Fixed Maturity Securities and Short-Term Investments
Fixed maturity securities include debt securities, which may have fixed or variable principal payment schedules, may be
held for indefinite periods of time, and may be used as a part of the Company’s asset/liability strategy or sold in response to changes
in interest rates, anticipated prepayments, risk/reward characteristics, liquidity needs, tax planning considerations, or other
economic factors. Short-term investments include money market accounts, options, and short-term bonds that are highly rated
short duration securities and redeemable within one year.

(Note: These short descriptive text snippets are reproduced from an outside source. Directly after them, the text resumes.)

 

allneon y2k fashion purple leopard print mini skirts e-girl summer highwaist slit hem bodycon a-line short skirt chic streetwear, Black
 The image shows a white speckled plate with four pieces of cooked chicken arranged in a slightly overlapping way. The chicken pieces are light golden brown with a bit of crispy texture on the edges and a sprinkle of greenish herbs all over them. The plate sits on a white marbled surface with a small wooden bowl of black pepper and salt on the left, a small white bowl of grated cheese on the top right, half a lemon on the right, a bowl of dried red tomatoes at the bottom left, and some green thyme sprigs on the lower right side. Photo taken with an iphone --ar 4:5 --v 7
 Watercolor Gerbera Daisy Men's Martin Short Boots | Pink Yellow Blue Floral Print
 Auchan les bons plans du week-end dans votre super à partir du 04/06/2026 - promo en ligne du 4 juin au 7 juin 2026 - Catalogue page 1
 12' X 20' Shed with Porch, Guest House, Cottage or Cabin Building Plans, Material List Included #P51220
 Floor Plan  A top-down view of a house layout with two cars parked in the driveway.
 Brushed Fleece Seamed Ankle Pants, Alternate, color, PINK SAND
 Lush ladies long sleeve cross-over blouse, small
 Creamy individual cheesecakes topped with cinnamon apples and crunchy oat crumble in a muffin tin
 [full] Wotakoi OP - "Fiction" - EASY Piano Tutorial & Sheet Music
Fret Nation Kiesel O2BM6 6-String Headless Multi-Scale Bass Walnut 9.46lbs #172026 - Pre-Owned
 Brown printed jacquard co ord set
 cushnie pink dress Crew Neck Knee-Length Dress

A primary exposure for the fixed maturity securities is interest rate risk. The longer the duration, the more sensitive the
asset is to market interest rate fluctuations. As assets with longer maturity dates tend to produce higher current yields, the Company’s
historical investment philosophy has resulted in a portfolio with a moderate duration. The nominal average maturities of the overall
bond portfolio were 13.3 years and 12.2 years (12.1 years and 11.0 years including all short-term instruments) at December 31,
2013 and 2012, respectively. The portfolio is heavily weighted in investment grade tax-exempt municipal bonds. Fixed maturity
investments purchased by the Company typically have call options attached, which further reduce the duration of the asset as
interest rates decline. The call-adjusted average maturities of the overall bond portfolio were 5.2 years and 3.7 years (4.7 years
and 3.3 years including all short-term instruments) at December 31, 2013 and 2012, respectively, related to holdings which are
heavily weighted with high coupon issues that are expected to be called prior to maturity. The modified durations of the overall
bond portfolio reflecting anticipated early calls were 3.9 years and 3.1 years, (3.6 years and 2.8 years including all short-term
instruments), including collateralized mortgage obligations with a modified duration of 2.3 years and 3.2 years at December 31,
2013 and 2012, respectively, and short-term bonds that carry no duration. Modified duration measures the length of time it takes,
on average, to receive the present value of all the cash flows produced by a bond, including reinvestment of interest. As it measures
four factors (maturity, coupon rate, yield, and call terms) which determine sensitivity to changes in interest rates, modified duration
is considered a better indicator of price volatility than simple maturity alone.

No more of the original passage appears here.